The Real World: Baghdad

From CJR Daily:

Adel, the rock star of the three, with his big black shades, spiky hair, and goatee, looks at the camera and describes how his date went last night. “The vast majority of girls will not allow you to get where you want,” he says coyly. We hear you, brother. But then he stops, considering the girl and the evening, and says, “It’s not cool when you’re on a date and explosions happen.” Then we cut to Saif, the stoner, usually in a wife-beater and clutching a hookah, just about to talk about what premarital sex is like, when a helicopter swoops down low and drowns out all sound. “American choppers make such a noise…” he yells and sits back in his lawn chair, smiling.

Where are we? Well, Baghdad it seems. But this is Baghdad thrown into an MTV blender and served in a glass with a cocktail umbrella.
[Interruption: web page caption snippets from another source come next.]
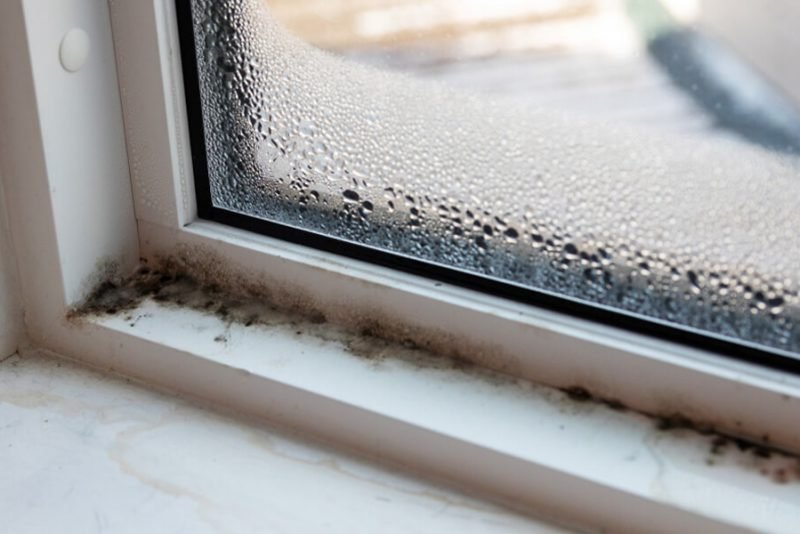 What Are Black Molds And Why They Should be Killed StellaNonna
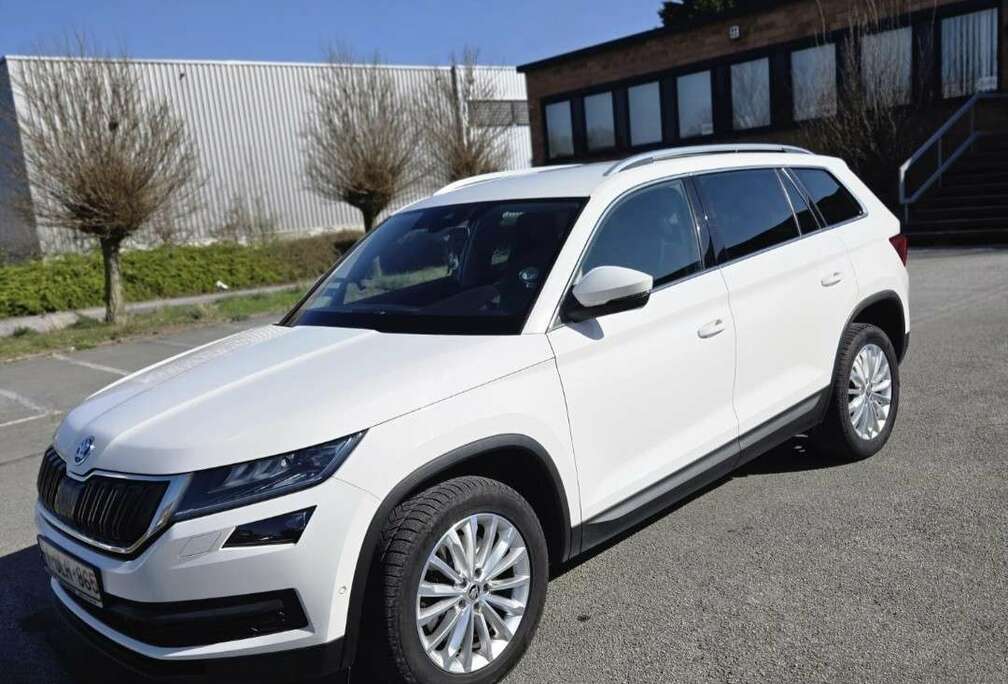 Skoda 2.0 CR TDi 4x4 Style DSG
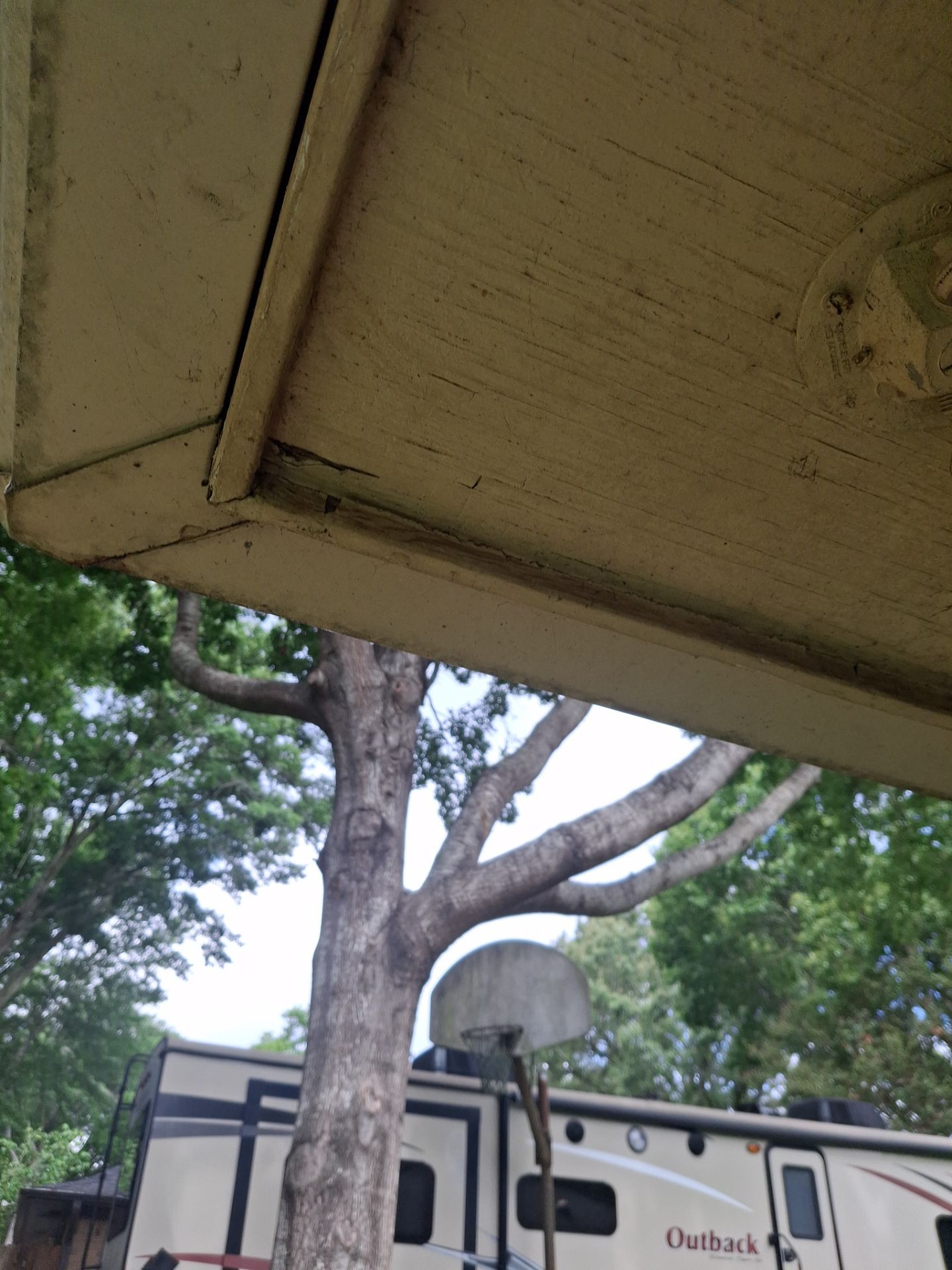 From Prep to Perfect Finish by Quality Coats Painting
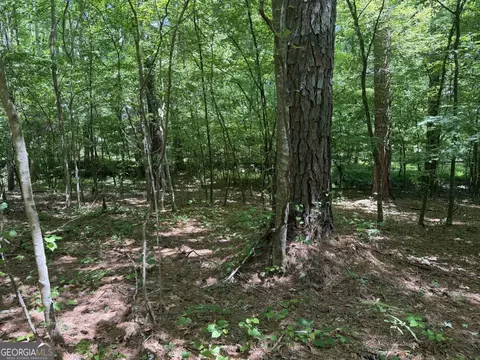 565 Avery Rd, Canton, GA 30115 photo 8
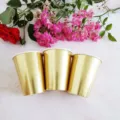 Einweg goldene Pappbecher Set, glänzendes metallisches Finish für Geburtstagsfeiern Feste. - Heißfoliengeprägter Pappbecher / 8 Stk 270ml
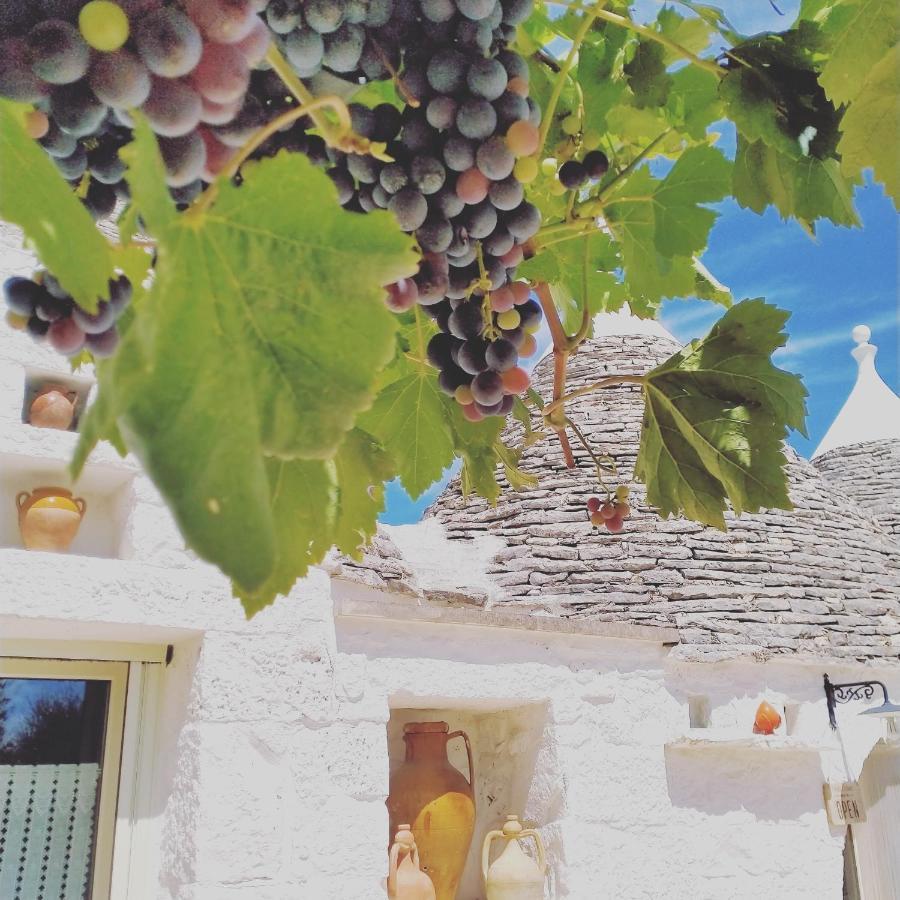 B&B Masseria Nuove Caselle Villa Castelli Экстерьер фото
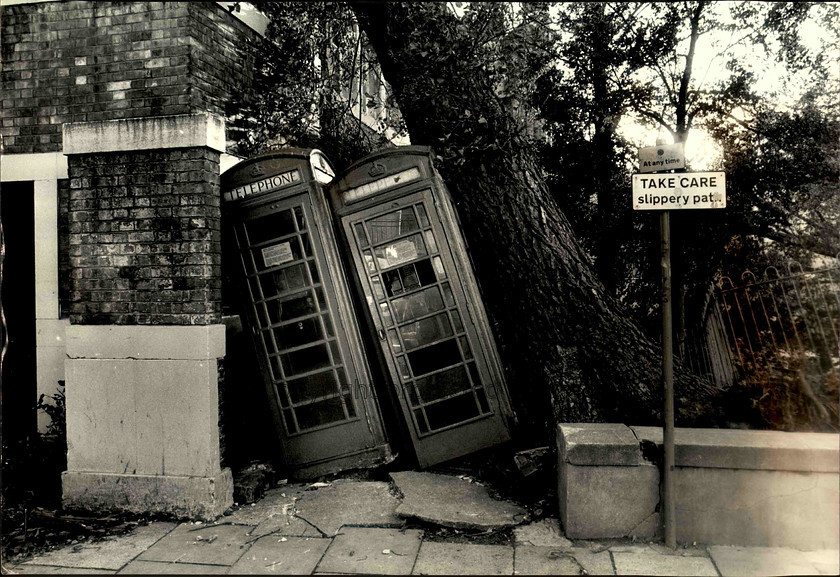 14296 
 Telephone boxes and a tree blown over in the hurricane, Brighton 1987 
 Keywords: Argus photo archive. Brighton and Hove Stuff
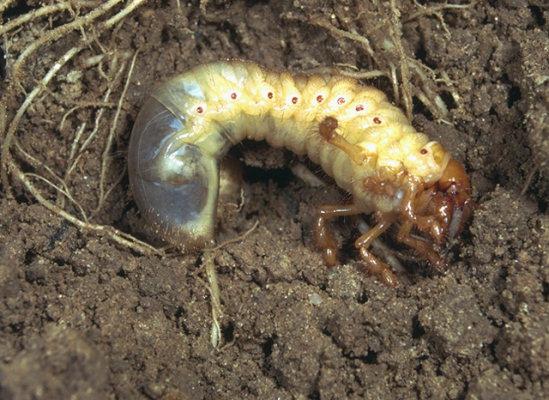 Le larve oligopode dal grosso capo sclerificato e dalla forma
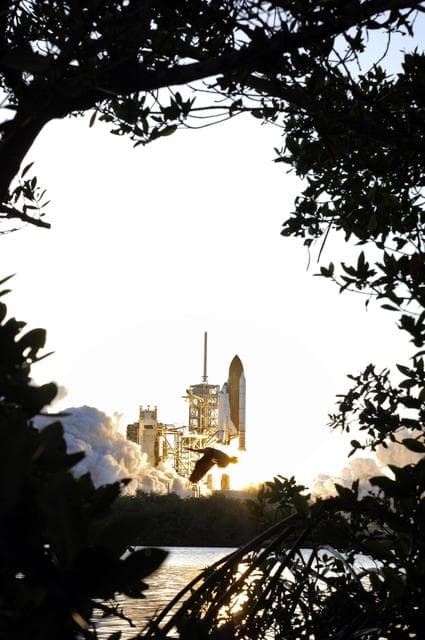 NASA image: STS117-S-022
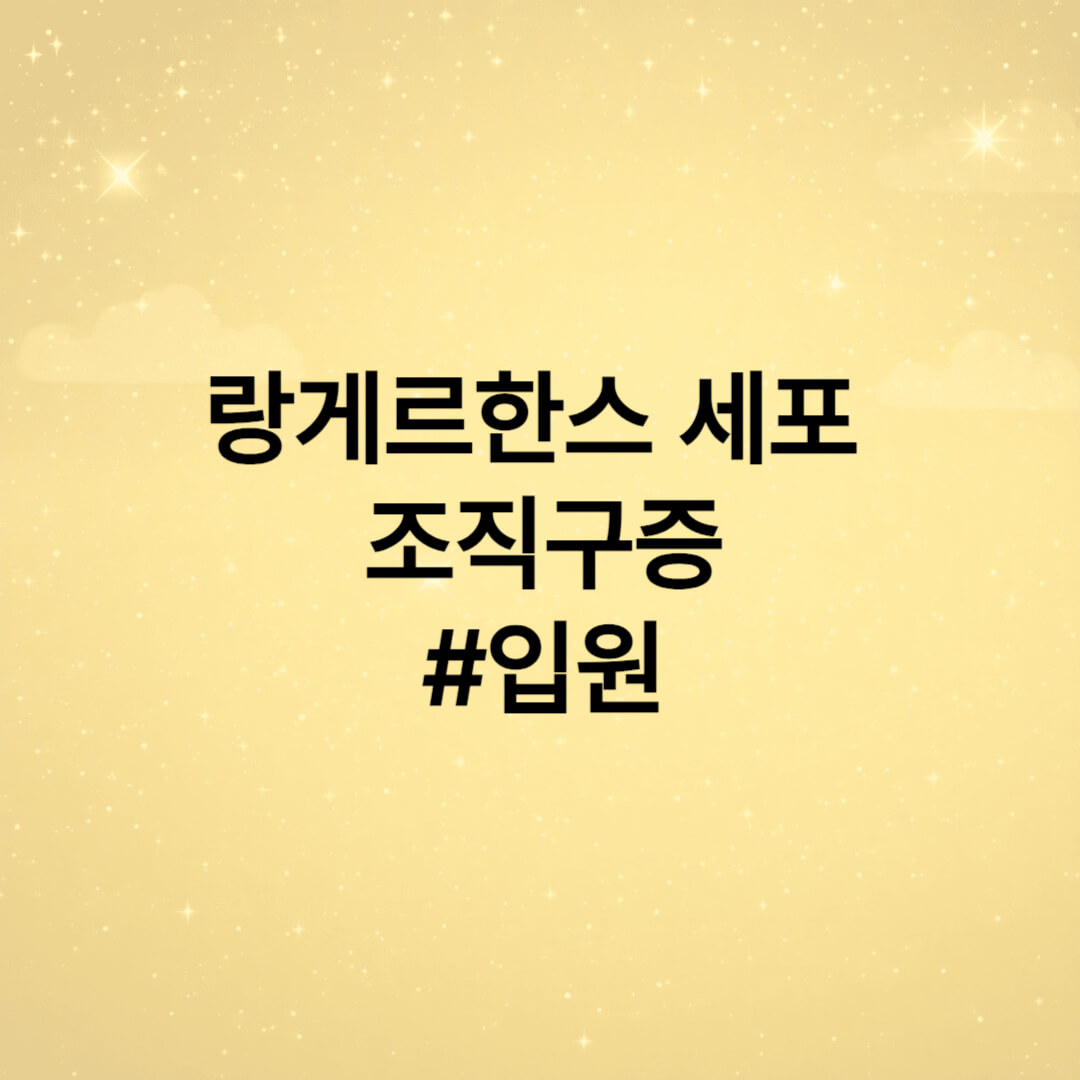 랑게르한스 입원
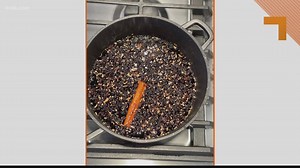 Recipe of the Day: Elderberry Elixir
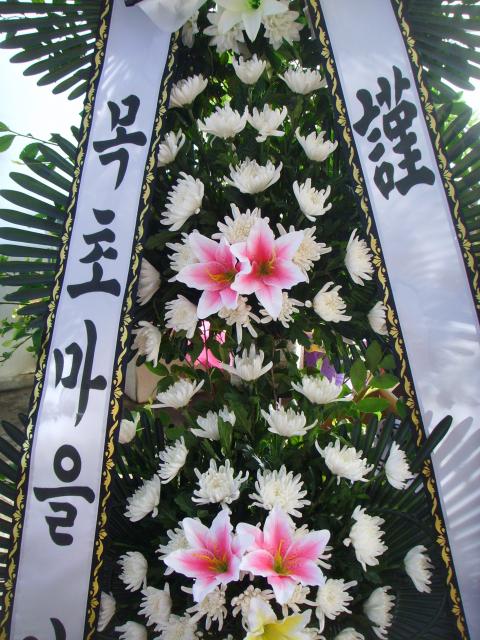 5-26 ʸ 3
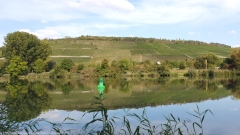 rebberge spiegeln sich im main beim campingplatz kalte quelle bei wuerzburg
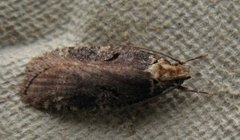 Large Purple Flat-body (Agonopterix liturosa)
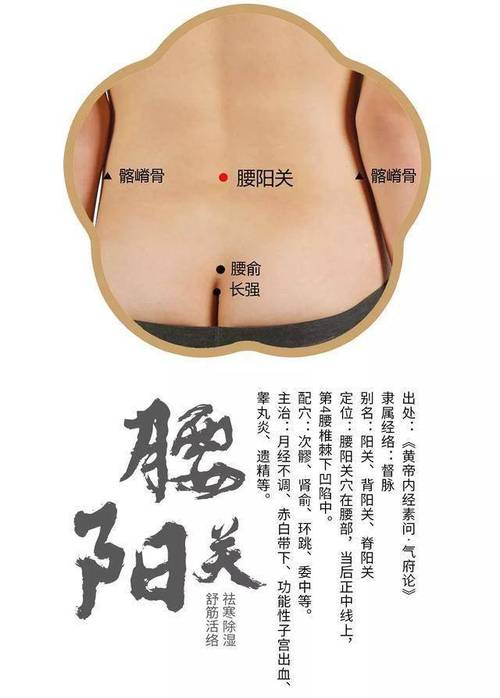 人体穴位阴阳穴在哪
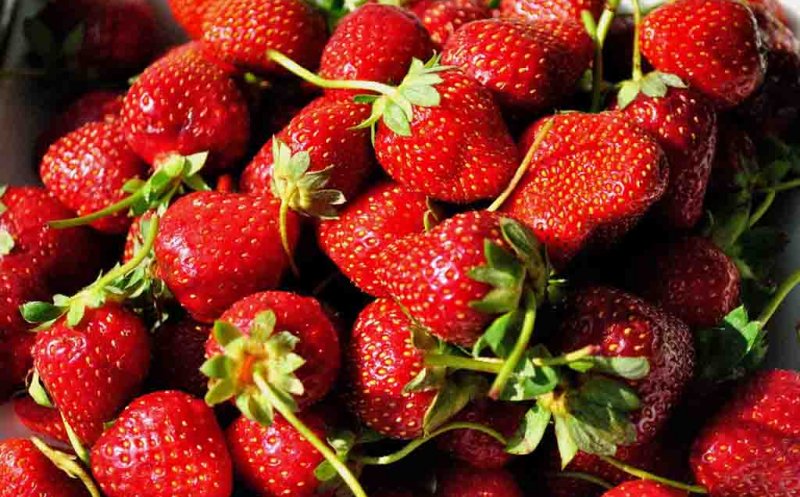 Cea mai delicioasă cură de slăbit. Pierzi 4 kg în doar 7 zile cu dieta cu căpșuni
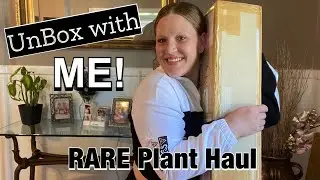 UnBox with ME! ||Rare Plant Haul|| Imported plants from Thailand!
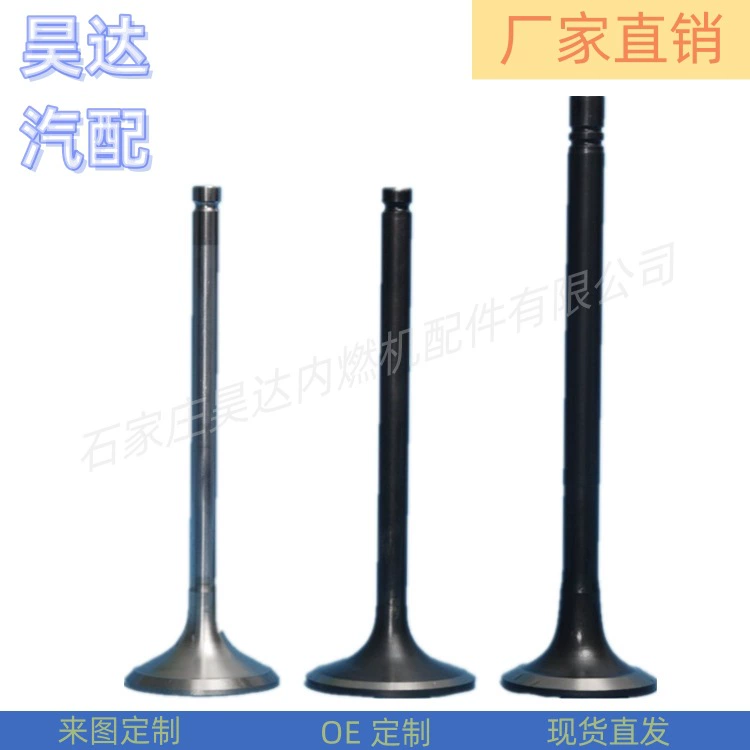 Модель производителя полный впускной и выпускной клапан 55240709 55195498 55219002 55240729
The Los Angeles Times reported today on a new Internet sensation, “Hometown Baghdad,” a series made up of two-minute segments that chronicle the lives of three young men (Ausama, Saif, and Adel) trying to live normal lives in Iraq - the producers intended to include a woman but the logistics were too difficult. Filmed by Iraqis in what we imagine to be very dangerous circumstances, and then edited in New York, the short films are a remarkably complex look at life in Baghdad. There is a certain kind of unexpected normalcy to the three men’s lives. They have dinner with their families, hang out with friends, date. But there is always the constant reminder that they are living in a war zone, or, as Saif describes it, “hell.”

. . .

Unfortunately, it seems Chat the Planet had to turn to the Internet to gain viewers for these stories because the television networks it initially approached turned it down, claiming that the idea for the show was too depressing and that Americans were anyway far too saturated with news from Iraq.

. . .

Now, with millions of viewers online, those same dismissive television executives are beating down the doors of the creators of “Hometown Baghdad” to get a piece of it. Figures.